Regarding FIVR and die TDP:
In the case of Bradwell to Skylake, the FIVR did contribute to Skylake increasing power on the CPU but not too much. From what I can gather it didn't really do too much. Intel will implement things like this because, at the time, they believed it would have a larger impact to their CPUs. After some time and testing they figure out it doesn't do much.
Skylake TDP:
Even though we have gone down in feature size (22nm to 14nm), Skylake saw an increase in power consumption. It is true that smaller FETs allow for lower power, but they also allow for higher current to pass through. With every CPU, current consumption will either rise or stay somewhere close to the last generation.
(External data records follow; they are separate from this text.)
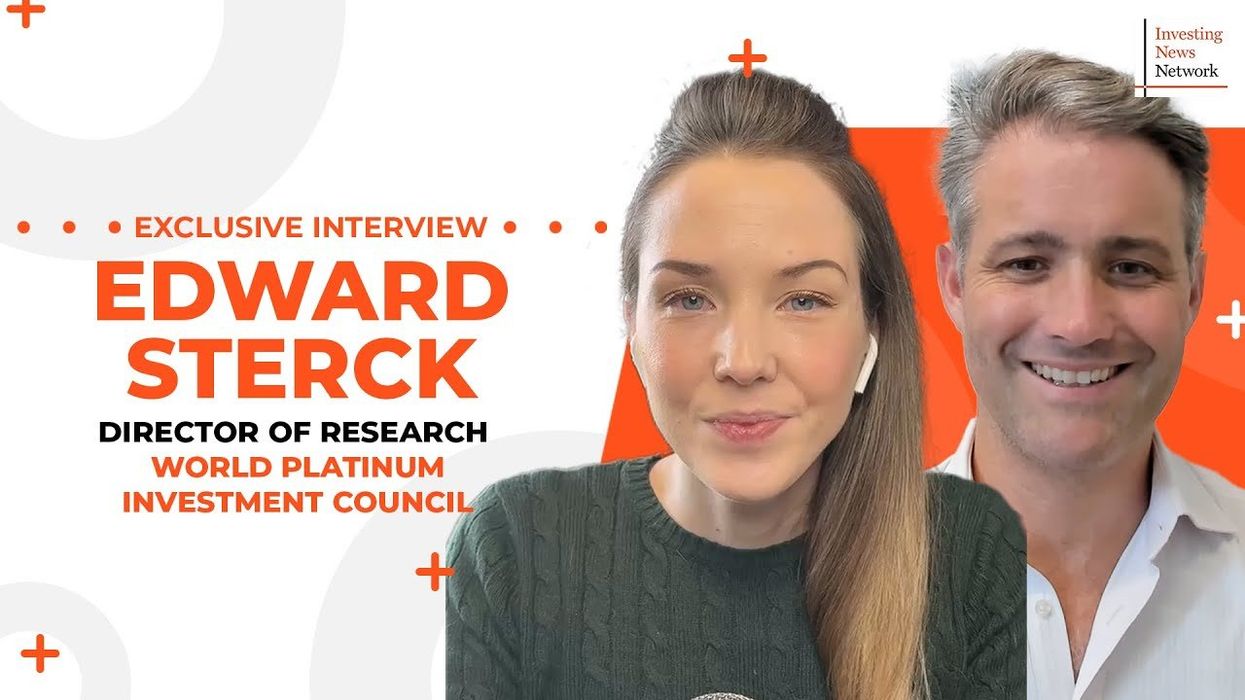 Edward Sterck: Platinum on Track for Record Deficit, Price Catalysts Building
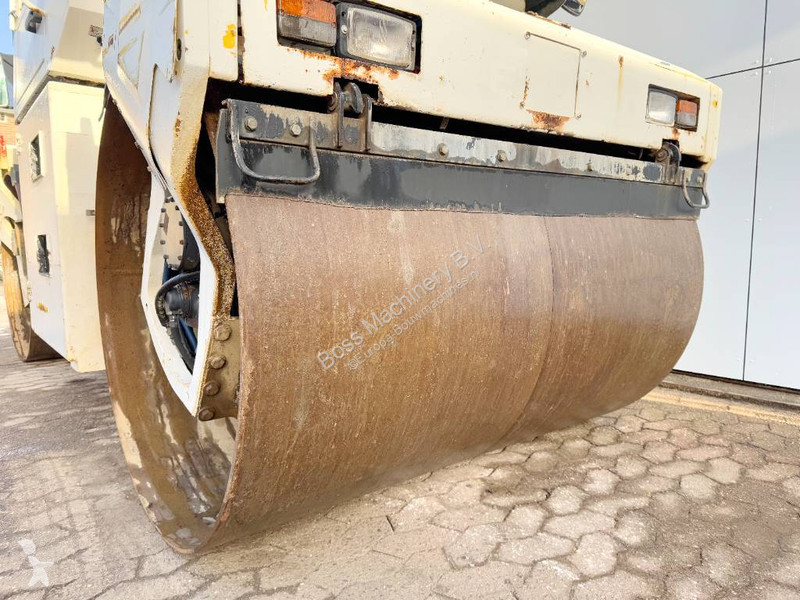 Jordstamper Bomag - Tandem Roller / Backup Camera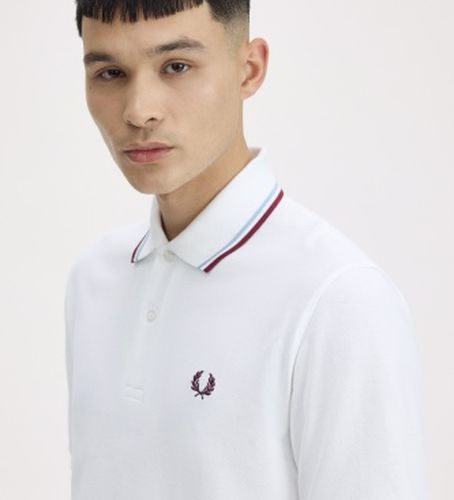 M12 Polo Twin Tipped Angleterre (36), Casuel, Coton, Classique, Manche courte - Fred Perry - Modalova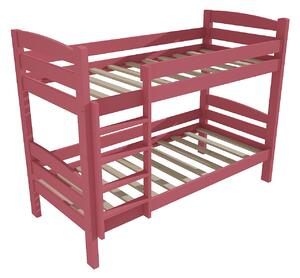 Vomaks Patrová postel PP 019 Rozměr: 80 x 180 cm, Prostor mezi lůžky: 80 cm, Barva: barva růžová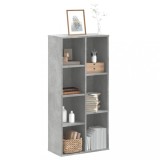 VidaXL Bibliotecă, gri beton, 50x25x105 cm, lemn compozit 852792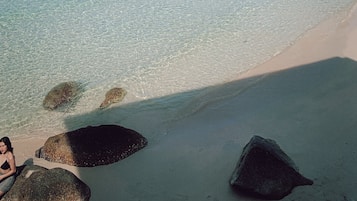 En la playa, masajes en la playa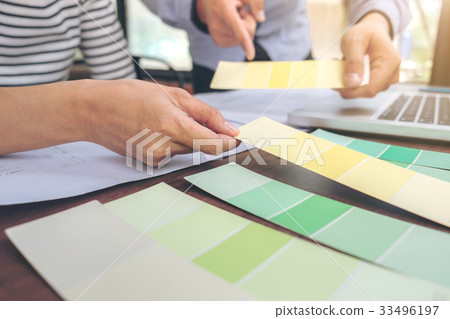 Two colleagues interior Creative creativity graph 33496197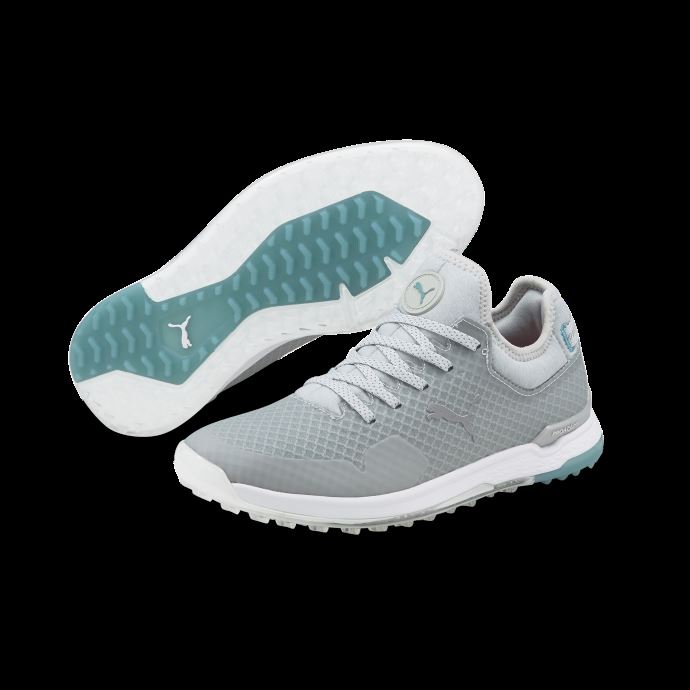 Chaussures De Golf Puma Canada Proadapt Alphacat Pour Femmes Taille Haute En Porcelaine Argentée
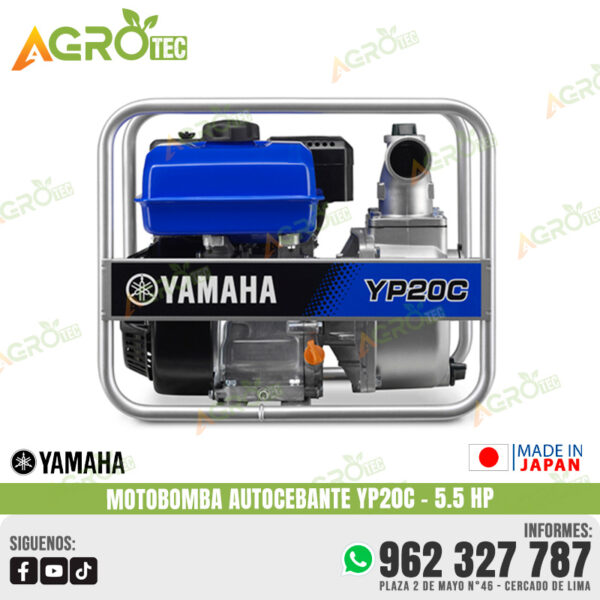 MOTOBOMBA AUTOCEBANTE YAMAHA YP20C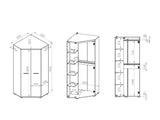 Hjørnegarderob Calvere 102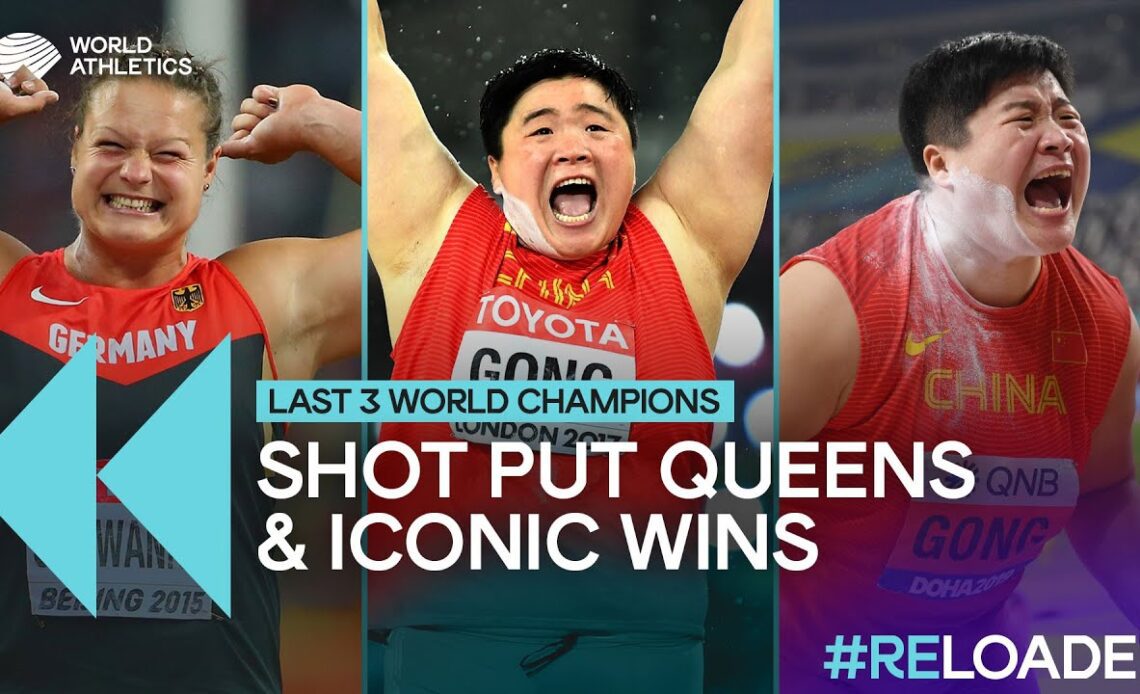 Women's shot put world champions | Last Three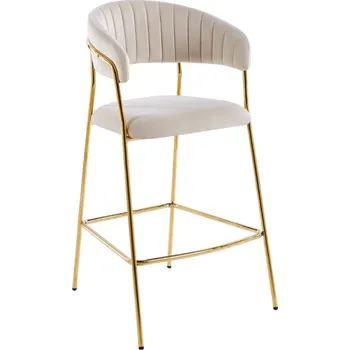 Toaletní stolek Nábytek PEGAS s.r.o. Barová židle H3 JG Béžová Zlatá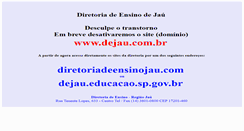 Desktop Screenshot of dejau.com.br
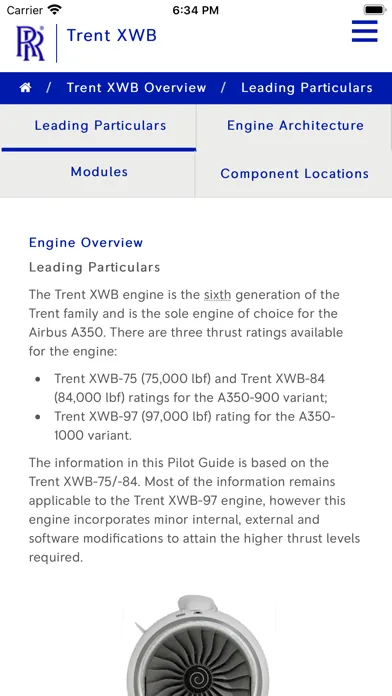 تصاویر Trent XWB Pilot Guide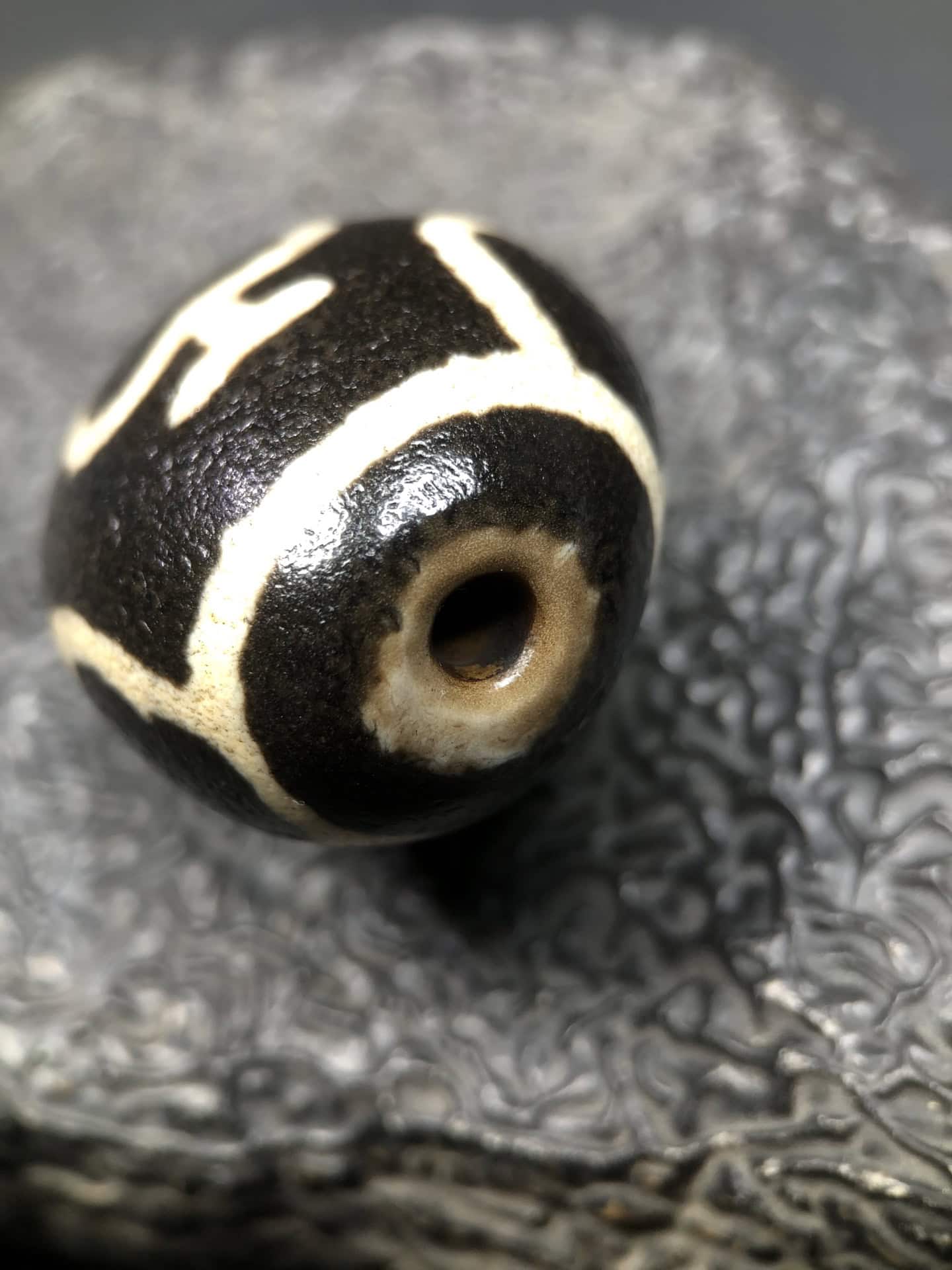 Chinese Natural Agate DZI Beads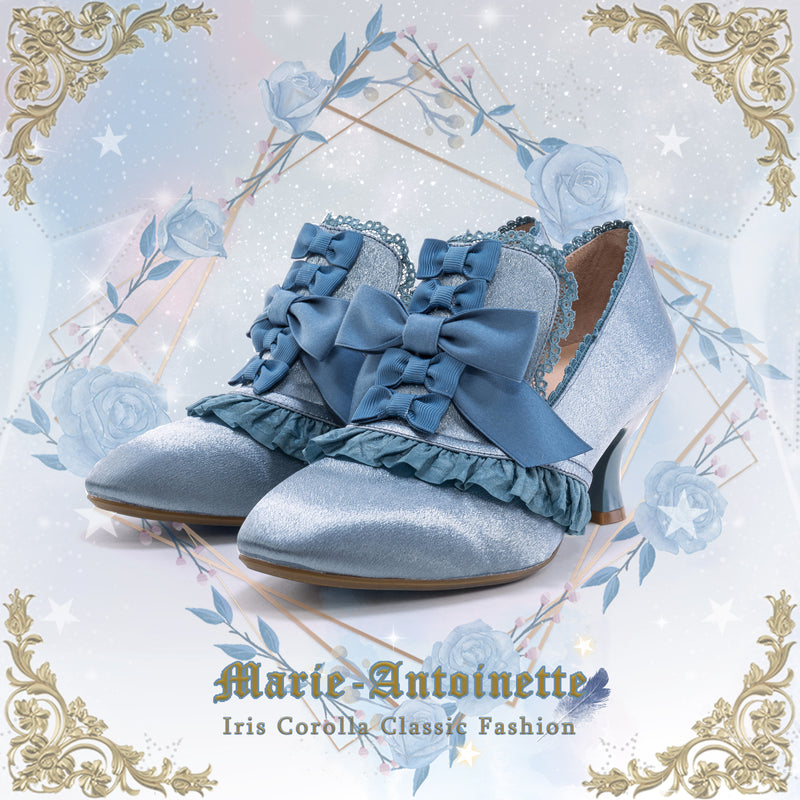 Marie Antoinette Satin Ribbon Heel Pumps - Aquamarine[2025年7月下旬-8月中旬発送予定]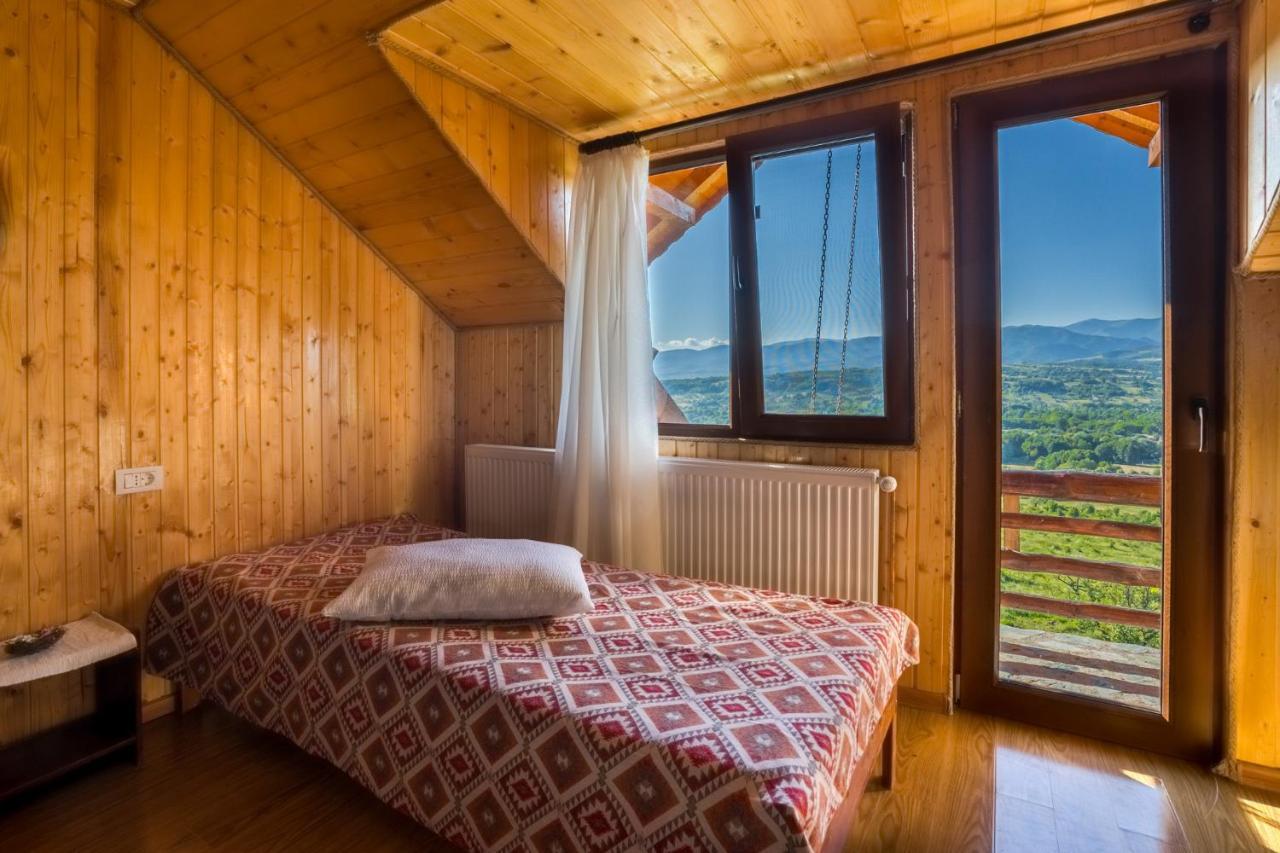 Hotel Pensiunea La Maria Lu' Sandoiu à Poenari Extérieur photo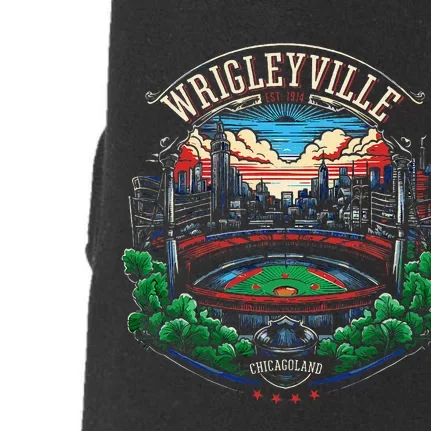 Wrigleyville Est. 1914 Doggie 3-End Fleece Hoodie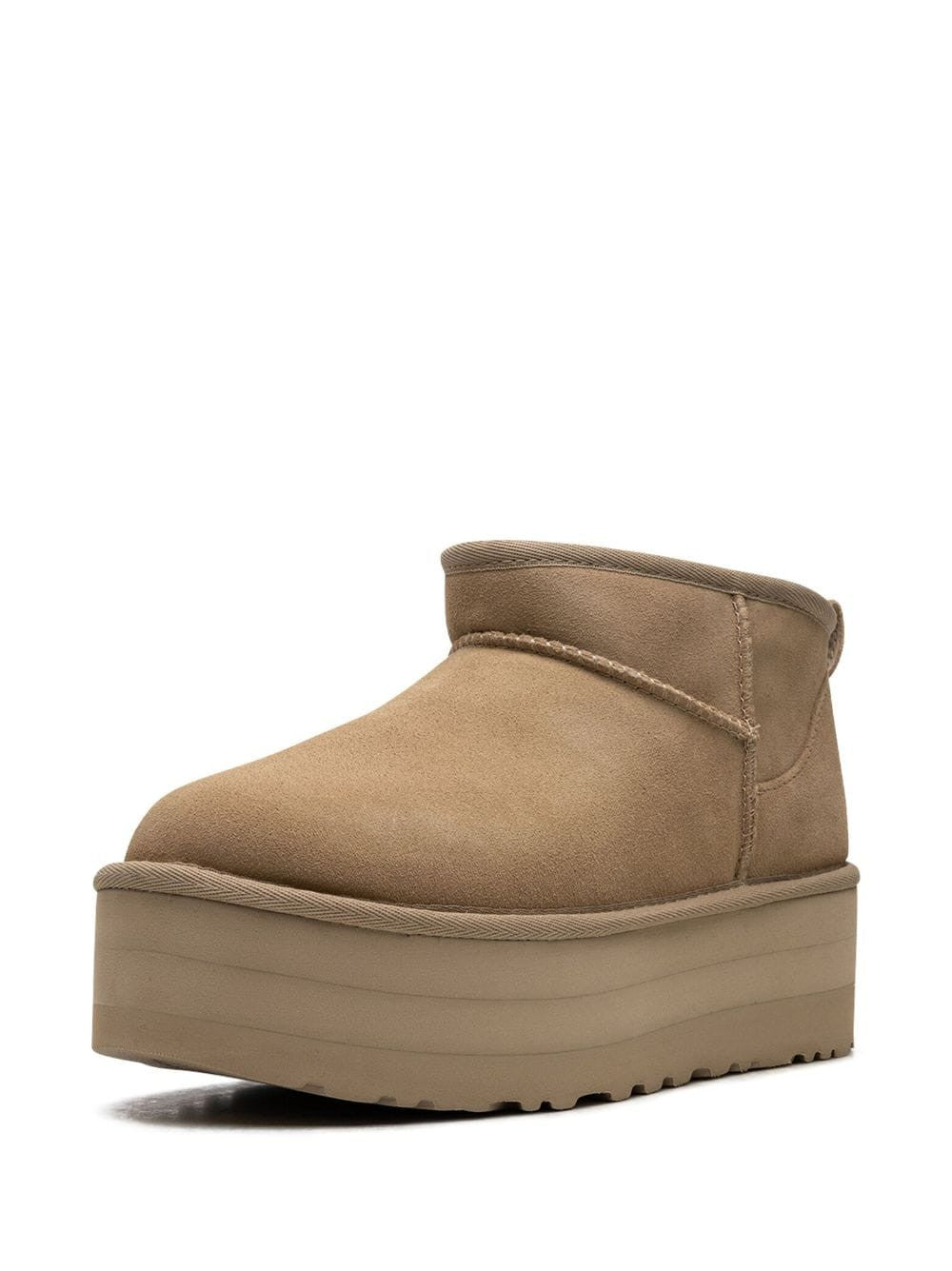 UGG Classic Ultra Mini Platform 50mm "Mustard Seed" boots Balenciaga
Its pretty easy to understand why with looking at one part of the cpu: transistor count. Each area of the CPU grows in transistor count with a smaller feature size. Now that areas are more compact, a higher density of current needs to be delivered. In order to do this, voltage needs to rise. Remember, voltage maintains current, and when it goes to low, current can bounce voltage around causing instability.
So how come we saw a drop in voltage with Haswell/Broadwell? If you can recall, Intel went to FinFET at this time. This type of semiconductor process allowed for lower voltage to drive higher current, because it had more surface area. Now we are returning to the point we were at with typical CMOS FETs. That is, voltage needs to rise just a bit to keep current happy. Higher voltage doesn't always mean TDP rises. Current consumption can lower in some places when voltage rises.
To put this in physics terms:
V=IR (R = resistance from surface area of FET). Decreasing feature size decreases R. In order to maintain TDP while keeping current the same as last generation, V must rise.